Brazil: Brazil presents 2016 budget, forecasts primary deficit for first time in over 15 years amid economic gloom
September 10, 2015
For the first time in its modern history, Brazil’s government presented a budget with a primary deficit to Congress on 31 August, highlighting the country’s shaky financial situation. The 2016 draft budget sees a primary deficit of 0.5% of GDP or BRL 30.5 billion, which starkly contrasts the 0.7% surplus that had been projected in July. Brazil tallied its first primary deficit in over a decade last year and the budget is the first since before 2000 to forecast a deficit. Moreover, some analysts have questioned the legality of the deficit as it could be interpreted as breaking the fiscal-responsibility law passed in 2000. The budget contains a 5.8% rise in total revenue in 2016 with BRL 11.2 billion in revenues from new tax increases and BRL 37.3 billion from asset sales and concessions. Expenditures are expected to rise by 9.5%, largely driven by mandatory increases in spending which are anticipated to total BRL 960.2 billion. Congress has until the end of the year to review and pass the budget.

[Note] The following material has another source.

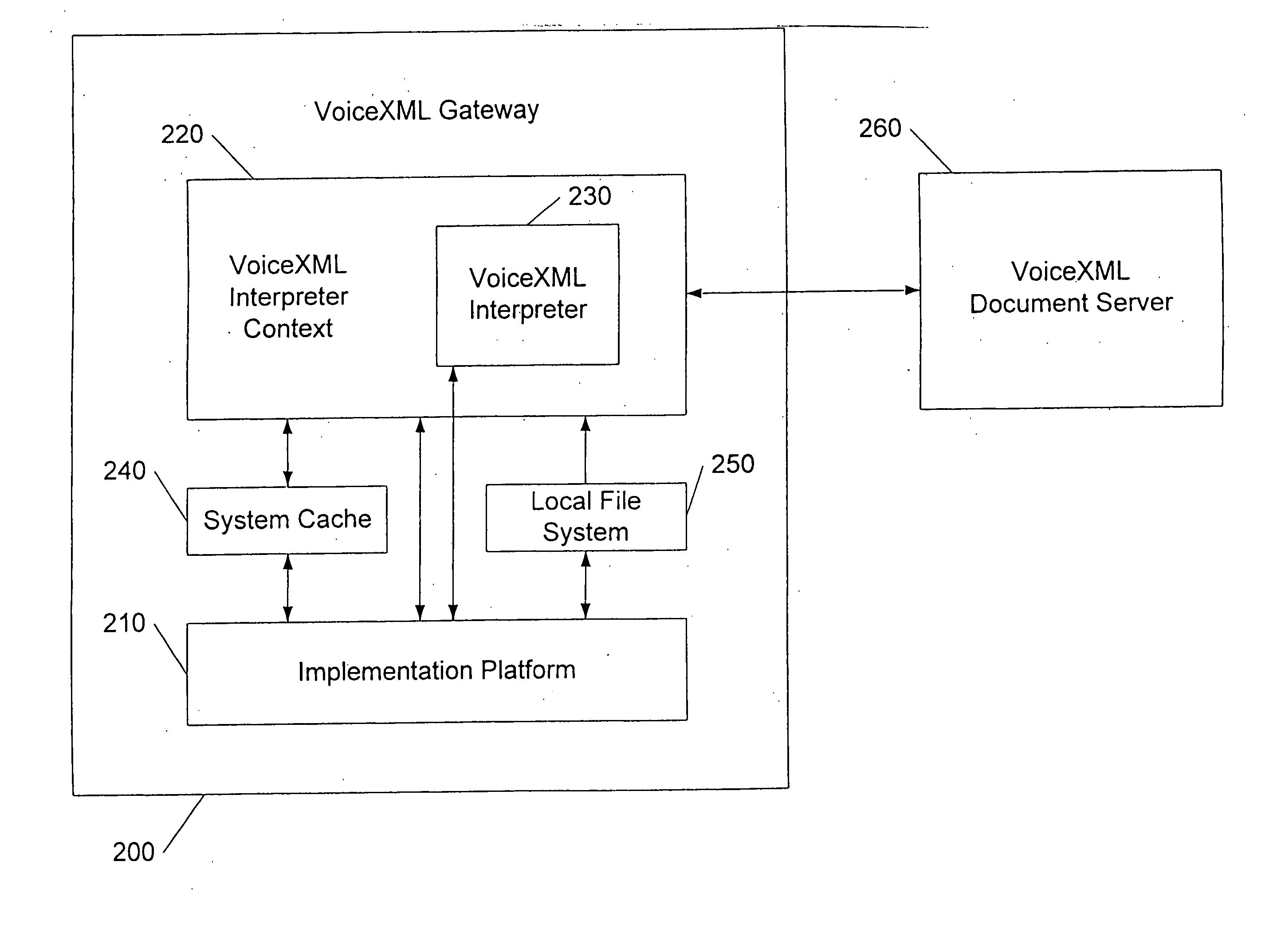 System and method for enhancing performance of VoiceXML gateways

The budget confirms that the government’s efforts this year to correct the country’s sinking finances have come up woefully short. The government has faced a host of setbacks to its austerity measures and reform agenda, which has hindered its ability to balance the books. Corruption scandals have eroded the government’s support in Congress and led to the watering down or stalling of key legislation. In the latest setback, a lack of support in Congress led President Dilma Rousseff to scrap her planned reinstatement of a tax on financial transactions, which would have added BRL 80 billion in revenues next year. Some market analysts have speculated that the drastic revision to fiscal targets in the budget may be designed to help shore up support for austerity measures.

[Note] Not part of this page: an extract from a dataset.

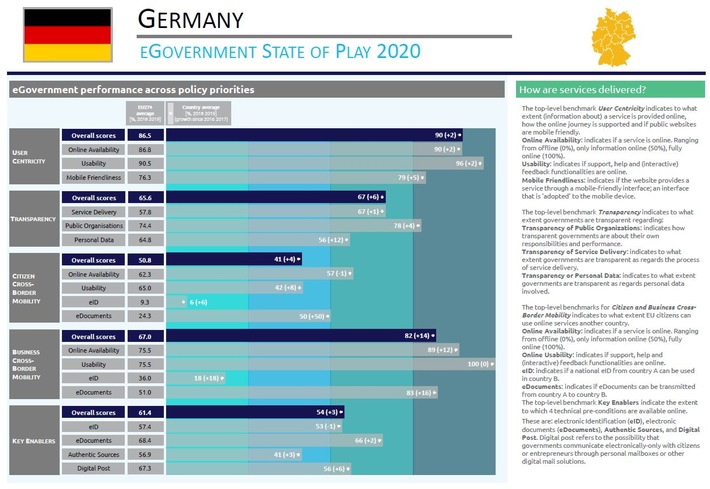 eGovernment-Benchmark 2020: Digitale Verwaltungsdienste bieten europäischen Bürgern zunehmend neue Möglichkeiten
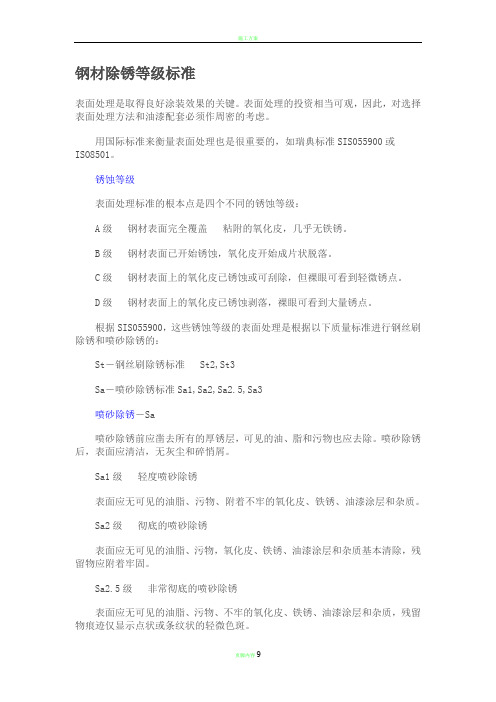 除锈等级标准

At the heart of the budget’s deficit prediction is the country’s economic slump. Brazil entered technical recession in the second quarter of the year due to a deterioration in both domestic and external demand. Corruption scandals have pushed confidence levels to record lows thus hampering private consumption, while subdued external demand and low prices for commodities are weighing on the country’s external sector. In addition, government revenues have plummeted due to falling tax revenues, inflation reached an almost 12-year high in July and the country has been downgraded to junk status by Standard & Poor’s. The poor economic environment led the government assume economic growth of a meagre 0.2% in 2016 and to project inflation of 5.4% in the budget.